Prospective buyers will need to obtain an NIE – a fiscal number for foreigners. This can be obtained in person from a police station if you show your passport. You also need an NIE to open a bank account or buy a car in Spain.
Once you have found your property and agreed a price, start by finding a bilingual lawyer who is experienced in Spanish property law. Spain has the law of subrogation, whereby properties carry the debts of previous owners, so your lawyer must ensure there are no outstanding charges on your property. The lawyer should also ensure the property has full title by checking the Registro de Propiedad.
Both buyer and seller sign the preliminary contract, the Contrato privado de compraventa. This should outline the agreed sale price, the names of the buyer and seller, the completion date and ensure that the property is free from debt. A non-refundable deposit of about 10 per cent is normal.
The final contract, the escritura de compraventa, is signed before the notary. The buyer should pay the full amount, including all costs and taxes. If the buyer has taken out a local mortgage, a bank representative may also attend this meeting with the notary.
Buying costs in Spain are higher than in the UK, and most experts suggest you allow 10 per cent to 12 per cent of the purchase price.
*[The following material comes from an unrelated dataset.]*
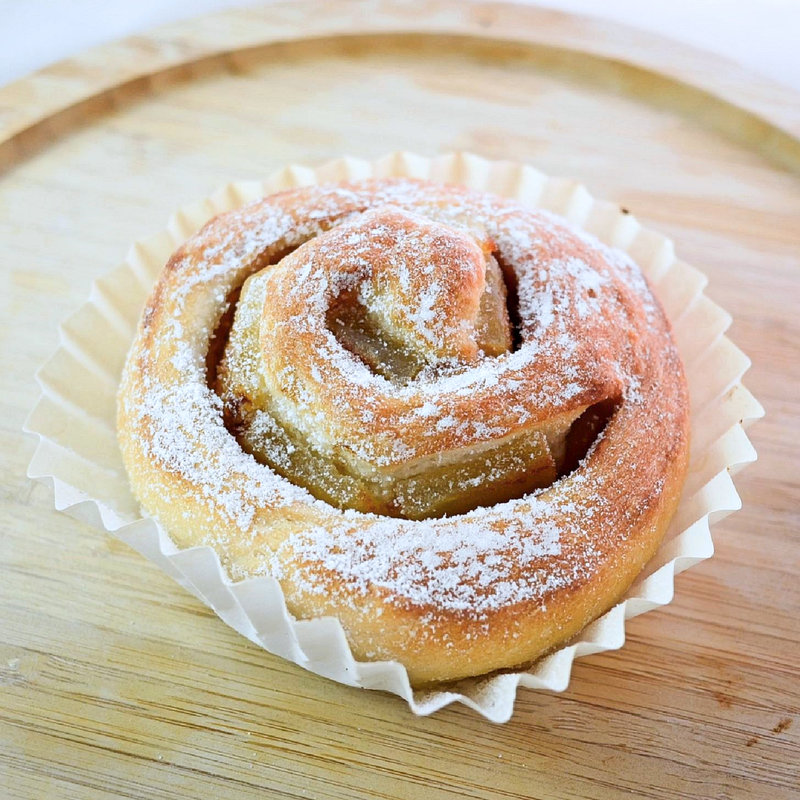 アップルシナモン(薪焼きパン 小麦堂 )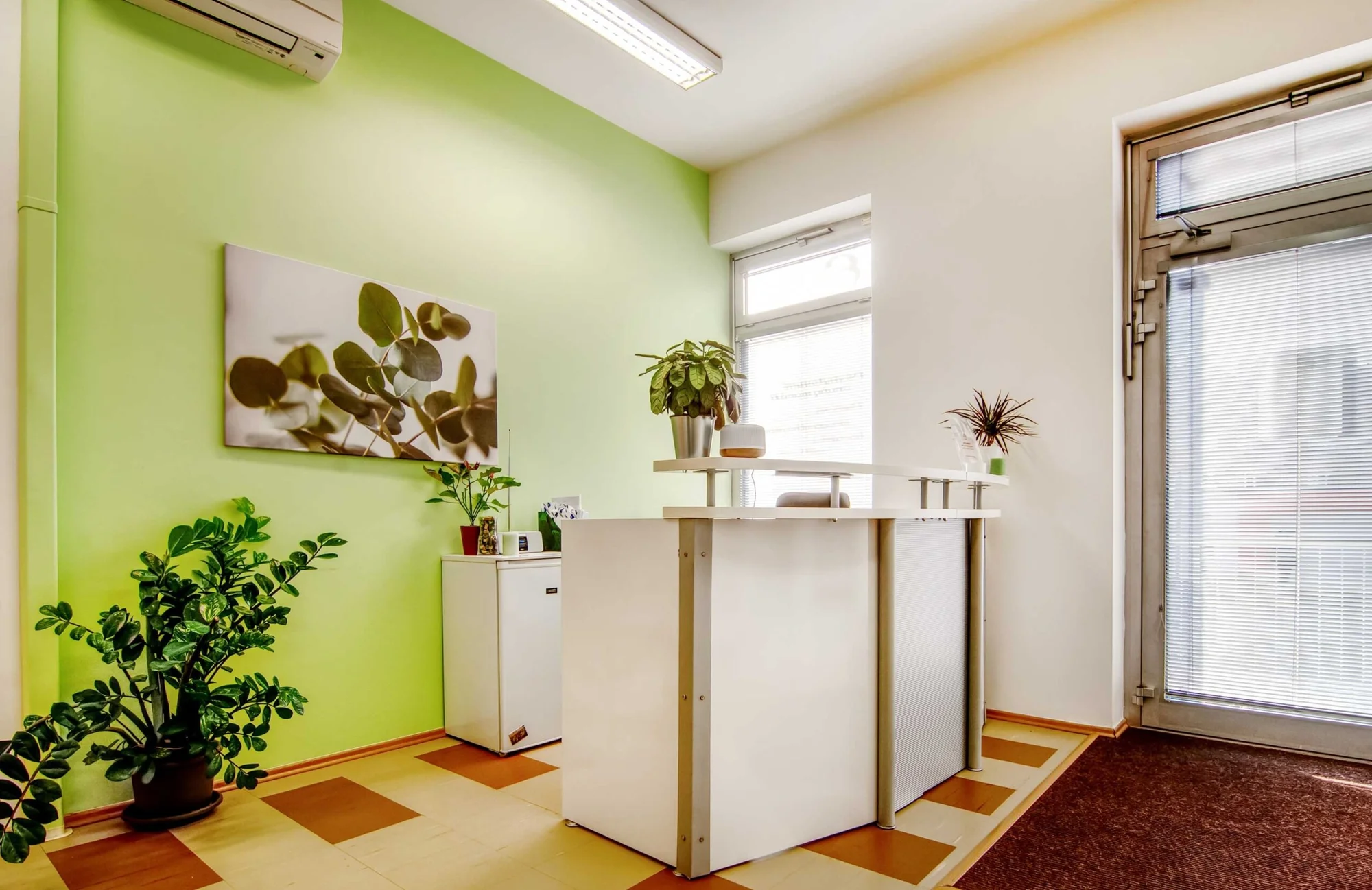 Ošetření mykózy na nehtech rukou nebo nohou výkonným laserem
The main charges are:
* Notary fees are about one per cent
* Lawyer’s fees are about one per cent
* Property transfer tax on a resale property is seven per cent and on a new-build property is eight per cent, which includes stamp duty at one per cent
* VAT on land or commercial property is set at 16 per cent
Buyers taking out a mortgage will have additional costs such as valuation charges of about €500 (£340) and an opening charge of about one per cent.
Running costs and taxes
A local property tax, the IBI, is issued by the local municipality and is normally between 0.5 per cent and one per cent of the rateable value of the property.
A municipal tax, the basura or rubbish-collection tax, is approximately £100 a year and, as with the IBI, differs from region to region.
Capital gains tax in Spain has been cut for non-residents from 35 per cent to 18 per cent. Residents are those who spend more than 183 days per calendar year in Spain or anyone considered to have most of their economic interests in Spain.
Inheritance tax differs between the regions in Spain and is further complicated by a sliding scale depending on your wealth and the closeness of the family relation who is inheriting. Get good legal advice on the best way to plan your estate and make a Spanish will.
Rental income is taxed at between 25 per cent and 35 per cent.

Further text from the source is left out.